Tuesday, June 21, 2005
Geração de 70

Guerra Junqueiro
Anterior
Mesa ao lado, dois traçadinhos antes.
Uma cabeça morena ouvia as palavras de Narciso com atenção.
Uma cabeça morena ouvia as palavras de Narciso com atenção.
“O romance não é mais do que uma tentativa de auto-afirmação, aliás, qualquer tipo de literatura é em grande parte um exercício de narcisismo.
Escrevemos com o intuito primordial de transmitir algo que nos vai na alma, mas este altruísmo escrito, não é mais que uma capa para a verdadeira razão que nos move a pena.
“Já Garcia Marquez dizia isso numa passagem de «Em busca das chaves de Melquíades», a desconstrução de «Cem Anos de Solidão», o livro escrito pelo irmão. O Elígio…”
“Já morreu, sabiam?” Mercúrio interrompeu Tântalo.

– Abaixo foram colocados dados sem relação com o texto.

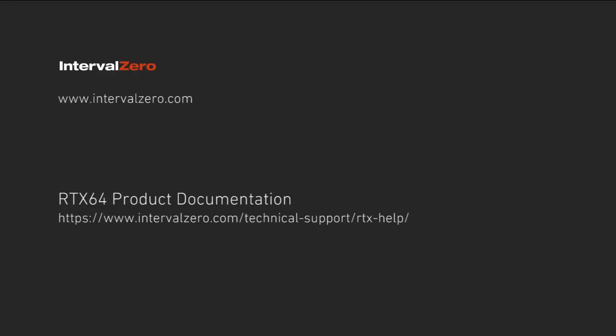This concludes our overview of RTX 64. For more information, see the product documentation installed with the RTX 64 product and available online at www.intervalzero.com. Thanks for watching.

“Não, por acaso não sabia” e continuou “Bem, mas Gabito dizia que desde miúdo, o ilusionismo e a escrita eram as duas formas que arranjara para os amigos gostarem mais dele.”
“Lá está!” proclamou Narciso “É uma forma de narcisismo! Gabito é antes de mais uma pessoa insegura, ou era, e como tal, para poder escrever tem que alimentar a autoconfiança, e de que melhor forma o pode fazer, senão alimentar o seu ego através de influências exteriores?!
Rasga e volta a rasgar os seus rascunhos, com os amigos em desespero, sempre a dizer-lhe que a sua escrita é óptima, fora de série, por entre álcool e mulheres com fartura. No seu íntimo acredita que sim, que é excepcional, mas transmite sempre aquela falsa modéstia. Para ilustrar a consciência que tem deste facto, que melhor que uma famosa frase em relação aos «Cem Anos de Solidão» que dita que o mais difícil foi escrever a primeira frase, e que depois ficou aterrorizado em relação ao que iria escrever a seguir.
Para mim, foi só fachada para que os amigos lhe dissessem que era magistral, não era costume nem nada.”